# Your instructions
Please output the listing below character for character and omit the images.

# Source data
%%

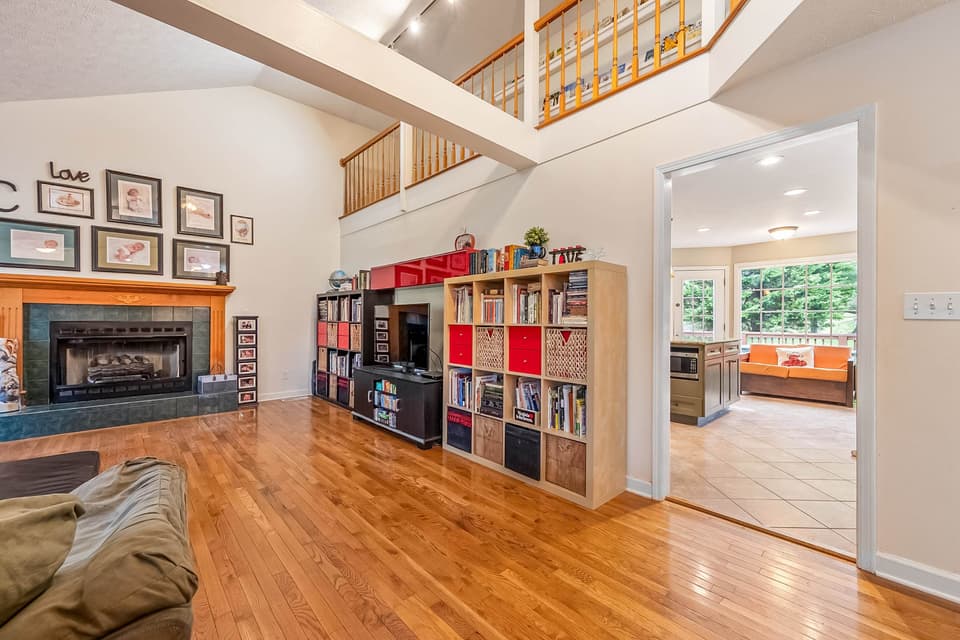2240 Yellow Sulphur Road, photo 13 of 40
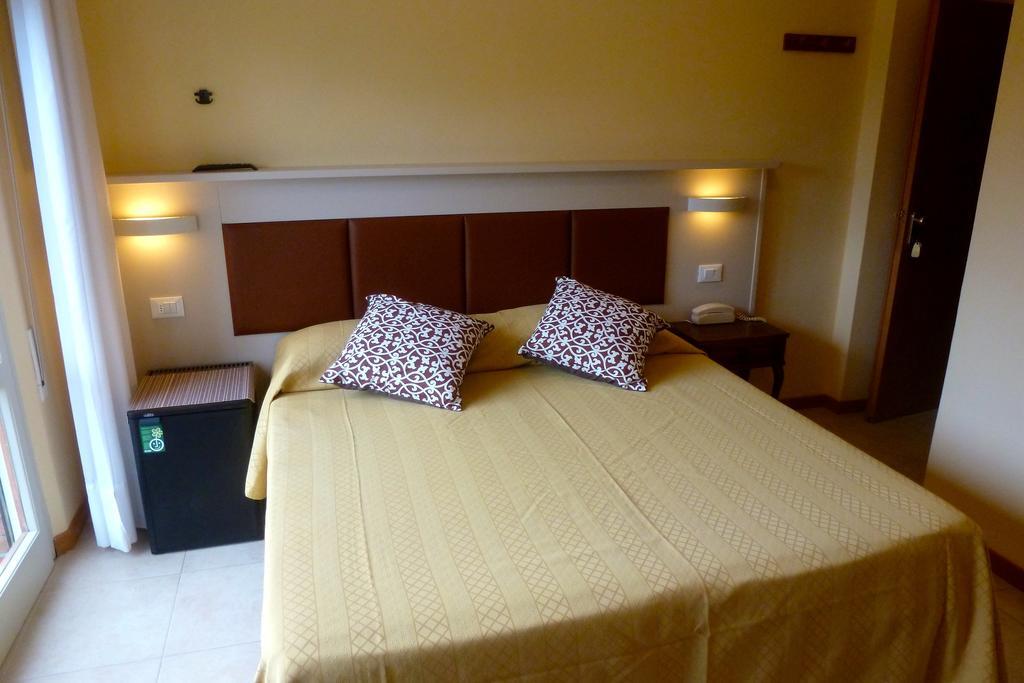 Hotel Versilia Λίντο ντι Καμαϊόρε Εξωτερικό φωτογραφία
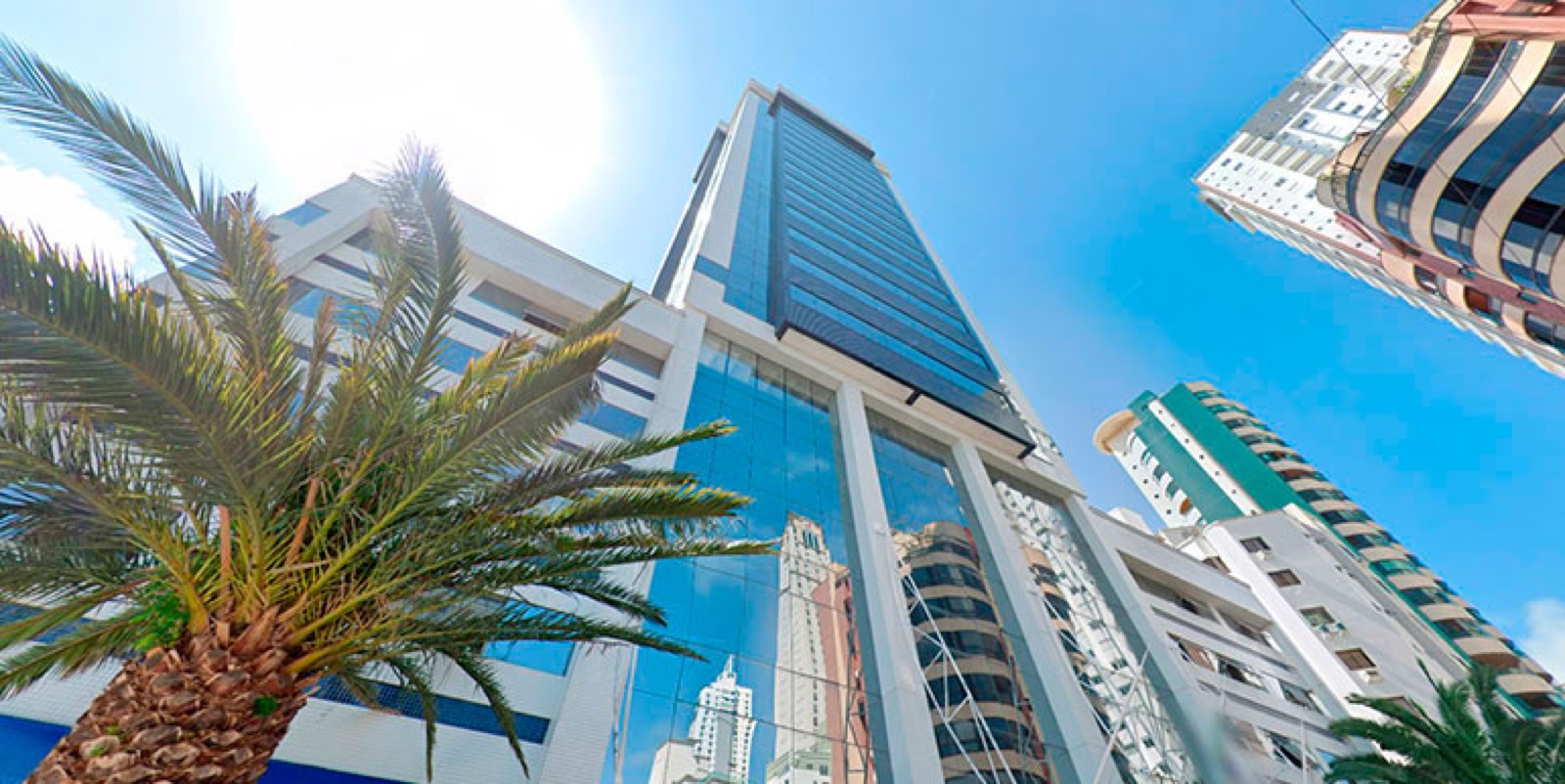 Area de lazer 1 do Ciaplan Empresarial em Balneário Camboriú SC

%%

# Problem solution
2240 Yellow Sulphur Road, photo 13 of 40
 Hotel Versilia Λίντο ντι Καμαϊόρε Εξωτερικό φωτογραφία
 Area de lazer 1 do Ciaplan Empresarial em Balneário Camboriú SC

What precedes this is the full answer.